Daily Archives: 2011/03/20

Gabriela Canavilhas: “Olhe, dou-lhe um exemplo: o grupo Amorim, que é o maior grupo empresarial português, não tem uma Fundação, nada, nenhuma espécie de investimento no desenvolvimento cultural do país”

Gabriela Canavilhas (http://www.musicatlantico.com)

Gabriela Canavilhas (www.musicatlantico.com)

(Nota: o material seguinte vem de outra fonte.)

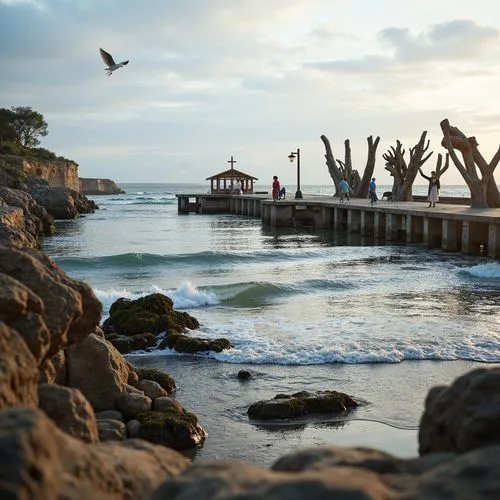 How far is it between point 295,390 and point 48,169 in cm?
7254

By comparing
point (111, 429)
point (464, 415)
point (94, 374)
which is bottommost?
point (111, 429)

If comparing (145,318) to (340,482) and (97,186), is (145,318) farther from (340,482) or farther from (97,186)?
(97,186)

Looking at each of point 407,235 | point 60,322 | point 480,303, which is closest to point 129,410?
point 60,322

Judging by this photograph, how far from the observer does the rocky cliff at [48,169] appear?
2515 inches

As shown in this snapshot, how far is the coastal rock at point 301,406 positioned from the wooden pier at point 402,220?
16682mm

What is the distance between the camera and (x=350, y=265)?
2555 centimetres

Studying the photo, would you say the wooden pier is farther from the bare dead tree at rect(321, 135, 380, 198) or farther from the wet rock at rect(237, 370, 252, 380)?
the wet rock at rect(237, 370, 252, 380)

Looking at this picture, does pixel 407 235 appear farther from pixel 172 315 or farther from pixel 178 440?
pixel 178 440

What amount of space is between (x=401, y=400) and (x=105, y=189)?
14000 cm

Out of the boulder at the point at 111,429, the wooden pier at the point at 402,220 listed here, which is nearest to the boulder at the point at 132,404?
the boulder at the point at 111,429

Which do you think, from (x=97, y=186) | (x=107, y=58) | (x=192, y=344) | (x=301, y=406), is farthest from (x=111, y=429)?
(x=97, y=186)

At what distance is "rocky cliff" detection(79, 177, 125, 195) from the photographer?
458 feet

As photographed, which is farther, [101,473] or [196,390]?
[196,390]

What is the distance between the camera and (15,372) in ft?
12.7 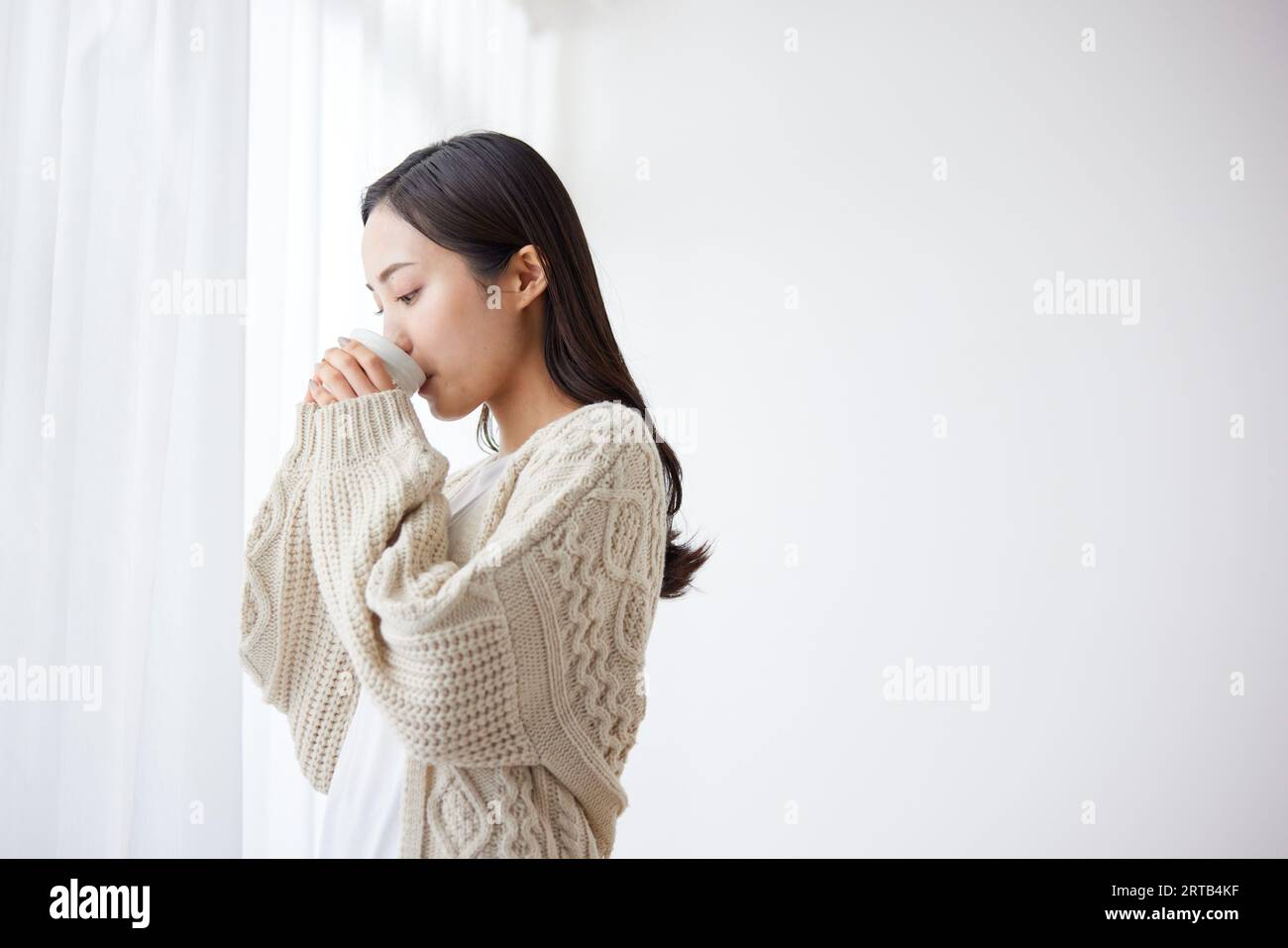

“Em entrevista à RTP2, falando do mecenato praticamente inexistente, disse Gabriela Canavilhas: “Olhe, dou-lhe um exemplo: o grupo Amorim, que é o maior grupo empresarial português, não tem uma Fundação, nada, nenhuma espécie de investimento no desenvolvimento cultural do país”.
(…)
“a ministra mostrou que, sobretudo, que um governamente deve, além de ser exemplo, dar exemplos, isto é, chamar os bois pelos nomes.”
(…)
“Há dois problemas de fundo na Cultura em Portugal. O mais antigo é a prevalência de uma mentalidade provinciana de dono da quinta em muitos gestores culturais, públicos e privados. O mais grave é a indiferença que a maioria dos grandes empresários manifesta pelo país. A falta de orgulho, o excesso de egoísmo.”
Sol 18 de fevereiro de 2011

Gabriela Canavilhas parece ser cada vez mais (como Mariano Gago) uma excepção num governo cinzento e incompetente. Não é habitual ver um governante ser capaz de nomear direta e explicitamente o nome de um magnate que não honra o seu dever social para com o país que o enriqueceu e enriquece. Amorim – em particular – beneficiou de um claro e muito desigual tratamento aquando da cedência de ações da Galp por parte do Estado português. Perante tal favorecimento, bem que poderia compensar tal favor contribuindo para o Bem Comum de forma abnegada e esforçada. Nada disso. Contentou-se em despedir trabalhadores em 2010 (apesar dos lucros), em não ter o devido papel de Solidariedade Social que caraterizam os “grandes empresários”, de Buffet e Gates e confirmou assim o grande problema e carência da crise portuguesa: as suas lideranças.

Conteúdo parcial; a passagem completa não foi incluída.